In this citizen science research project of KWR and the drinking water company WML, the clients of a water company are, for the first time, participating as researchers in a scientific study of drinking water hardness and lime-scaling. The research is being conducted at and around the WML pumping station in Pey-Echt. Besides knowledge about lime-scaling it will be giving us new insight into the socio-scientific value and significance of citizen science.
Citizens measure lime-scaling themselves
Together with more than 130 citizen water scientists, KWR and WML will be researching the hardness and lime-scaling of drinking water. A unique aspect of this research is that invitations to participate in the project were sent to more than 1,000 selected addresses, which resulted in a very diverse group of participants. Using a simplified boiled water test and a ‘drop test’, the participants will determine the hardness and lime-scaling of their water. They’ll carry out drop tests once on water directly from the tap and once on boiled water. In this way, the participants will gain more insight into the composition of their drinking water, and WML will get a more refined monitoring network.

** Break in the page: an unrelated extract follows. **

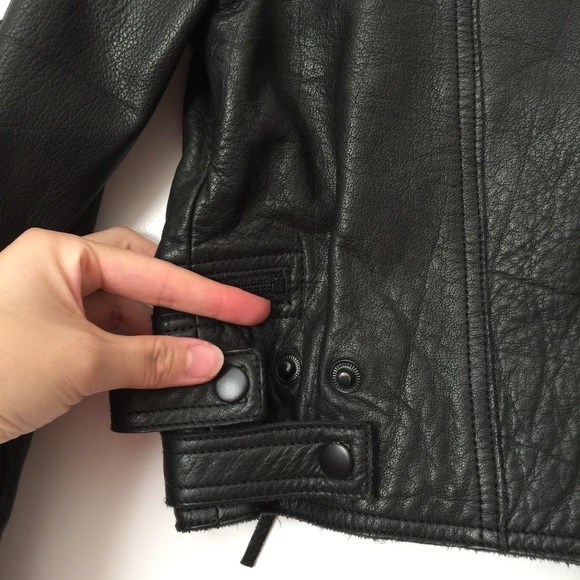 Cropped leather jacket - Picture 8 of 9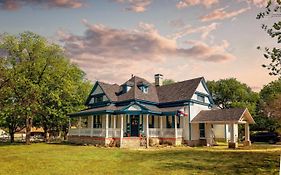 Blue Heron Bed And Breakfast On Lake Granbury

This ‘Citizen Science and Lime’ project, together with the ‘Citizen Science and Lead’ project (with Dunea) and the ‘Citizen Science and Hardness’ project (with Brabant Water), which starts later this year, is part of the joint effort on the part of KWR and the drinking water sector to further explore the significance of citizen science for the sector. This line of research builds upon the ‘Freshness of Water’ citizen science pilot project of 2016.